**Data shown**
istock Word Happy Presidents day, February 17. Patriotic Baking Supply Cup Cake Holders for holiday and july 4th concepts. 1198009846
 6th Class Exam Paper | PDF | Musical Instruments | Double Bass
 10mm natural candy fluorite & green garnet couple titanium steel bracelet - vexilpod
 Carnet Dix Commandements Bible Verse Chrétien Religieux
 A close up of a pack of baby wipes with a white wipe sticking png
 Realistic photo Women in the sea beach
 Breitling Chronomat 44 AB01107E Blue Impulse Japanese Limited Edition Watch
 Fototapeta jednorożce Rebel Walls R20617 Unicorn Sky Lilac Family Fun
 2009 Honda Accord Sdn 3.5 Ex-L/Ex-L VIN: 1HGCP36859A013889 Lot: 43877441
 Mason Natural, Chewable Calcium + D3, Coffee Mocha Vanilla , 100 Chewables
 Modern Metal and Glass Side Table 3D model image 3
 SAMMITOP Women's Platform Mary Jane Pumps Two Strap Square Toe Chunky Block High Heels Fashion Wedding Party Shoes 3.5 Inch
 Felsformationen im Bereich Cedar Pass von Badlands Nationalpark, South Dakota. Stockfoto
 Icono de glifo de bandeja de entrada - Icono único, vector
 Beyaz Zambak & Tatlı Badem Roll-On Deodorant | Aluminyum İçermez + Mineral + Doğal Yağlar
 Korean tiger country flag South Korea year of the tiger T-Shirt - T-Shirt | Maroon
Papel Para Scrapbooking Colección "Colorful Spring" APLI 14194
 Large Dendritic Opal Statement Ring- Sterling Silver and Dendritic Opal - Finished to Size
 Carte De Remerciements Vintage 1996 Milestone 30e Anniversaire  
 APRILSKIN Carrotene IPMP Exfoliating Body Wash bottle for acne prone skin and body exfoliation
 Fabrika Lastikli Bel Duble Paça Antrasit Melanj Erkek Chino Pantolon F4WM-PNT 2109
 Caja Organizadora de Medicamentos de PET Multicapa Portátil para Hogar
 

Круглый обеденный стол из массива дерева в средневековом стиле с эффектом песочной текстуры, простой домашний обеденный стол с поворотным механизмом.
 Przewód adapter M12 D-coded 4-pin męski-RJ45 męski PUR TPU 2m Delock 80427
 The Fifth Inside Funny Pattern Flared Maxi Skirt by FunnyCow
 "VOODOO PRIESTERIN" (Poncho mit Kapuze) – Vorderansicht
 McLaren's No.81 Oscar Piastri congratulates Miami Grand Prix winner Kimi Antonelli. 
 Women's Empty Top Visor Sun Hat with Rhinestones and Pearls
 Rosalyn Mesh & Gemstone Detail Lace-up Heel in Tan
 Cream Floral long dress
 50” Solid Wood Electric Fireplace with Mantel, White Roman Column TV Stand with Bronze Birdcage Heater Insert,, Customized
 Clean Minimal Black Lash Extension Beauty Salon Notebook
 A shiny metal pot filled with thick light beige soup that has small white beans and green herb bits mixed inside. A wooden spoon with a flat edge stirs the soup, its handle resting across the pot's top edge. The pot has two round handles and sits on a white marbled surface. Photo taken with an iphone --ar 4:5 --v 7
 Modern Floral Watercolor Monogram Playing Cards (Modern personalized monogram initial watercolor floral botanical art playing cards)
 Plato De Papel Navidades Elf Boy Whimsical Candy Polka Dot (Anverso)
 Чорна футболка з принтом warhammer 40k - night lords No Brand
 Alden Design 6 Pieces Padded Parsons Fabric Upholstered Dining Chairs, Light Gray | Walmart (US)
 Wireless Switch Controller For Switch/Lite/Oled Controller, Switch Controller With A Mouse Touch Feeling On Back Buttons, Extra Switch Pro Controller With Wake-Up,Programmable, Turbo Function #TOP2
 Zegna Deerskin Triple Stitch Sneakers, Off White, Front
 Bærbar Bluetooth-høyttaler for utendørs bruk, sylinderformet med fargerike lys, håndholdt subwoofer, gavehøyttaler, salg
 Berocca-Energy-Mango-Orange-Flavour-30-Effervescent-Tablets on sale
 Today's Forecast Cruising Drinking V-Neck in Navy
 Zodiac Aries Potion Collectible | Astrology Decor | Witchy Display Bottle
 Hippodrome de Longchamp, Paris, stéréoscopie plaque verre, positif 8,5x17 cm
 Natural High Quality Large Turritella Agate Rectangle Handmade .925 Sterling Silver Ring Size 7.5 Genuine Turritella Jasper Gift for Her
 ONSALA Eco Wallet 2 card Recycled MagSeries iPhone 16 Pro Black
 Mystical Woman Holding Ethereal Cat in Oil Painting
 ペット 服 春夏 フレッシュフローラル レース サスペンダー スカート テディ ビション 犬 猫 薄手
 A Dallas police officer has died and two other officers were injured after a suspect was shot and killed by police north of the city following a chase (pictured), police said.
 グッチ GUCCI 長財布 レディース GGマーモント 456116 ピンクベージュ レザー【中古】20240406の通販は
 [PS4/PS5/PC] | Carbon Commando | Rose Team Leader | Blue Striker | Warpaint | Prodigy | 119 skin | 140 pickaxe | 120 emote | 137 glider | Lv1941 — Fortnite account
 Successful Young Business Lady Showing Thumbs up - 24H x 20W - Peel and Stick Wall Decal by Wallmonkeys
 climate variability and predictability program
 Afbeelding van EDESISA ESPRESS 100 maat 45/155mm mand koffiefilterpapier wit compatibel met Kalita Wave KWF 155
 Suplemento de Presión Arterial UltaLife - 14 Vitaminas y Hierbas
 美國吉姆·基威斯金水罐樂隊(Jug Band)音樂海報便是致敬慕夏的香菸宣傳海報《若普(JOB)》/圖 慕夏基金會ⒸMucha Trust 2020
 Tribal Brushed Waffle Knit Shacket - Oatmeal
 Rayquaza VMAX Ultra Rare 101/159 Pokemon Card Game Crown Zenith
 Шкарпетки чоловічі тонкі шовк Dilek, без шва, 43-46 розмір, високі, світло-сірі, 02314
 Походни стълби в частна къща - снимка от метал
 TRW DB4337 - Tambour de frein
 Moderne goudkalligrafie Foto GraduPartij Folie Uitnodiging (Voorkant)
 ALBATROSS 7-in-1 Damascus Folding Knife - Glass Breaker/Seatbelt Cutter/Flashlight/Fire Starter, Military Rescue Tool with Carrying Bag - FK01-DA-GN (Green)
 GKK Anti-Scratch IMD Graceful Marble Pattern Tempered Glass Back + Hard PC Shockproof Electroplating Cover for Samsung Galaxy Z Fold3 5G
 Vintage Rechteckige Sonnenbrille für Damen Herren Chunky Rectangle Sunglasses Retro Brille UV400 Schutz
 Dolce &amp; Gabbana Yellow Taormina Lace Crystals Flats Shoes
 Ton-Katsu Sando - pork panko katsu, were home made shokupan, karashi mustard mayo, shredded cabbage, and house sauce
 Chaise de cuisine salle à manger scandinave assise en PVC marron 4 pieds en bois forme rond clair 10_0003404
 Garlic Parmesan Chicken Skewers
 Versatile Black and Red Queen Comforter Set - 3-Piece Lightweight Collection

**Work order**
Copy all lines of the material above where the string "Pattern" occurs.

**Exercise result**
 The Fifth Inside Funny Pattern Flared Maxi Skirt by FunnyCow
 GKK Anti-Scratch IMD Graceful Marble Pattern Tempered Glass Back + Hard PC Shockproof Electroplating Cover for Samsung Galaxy Z Fold3 5G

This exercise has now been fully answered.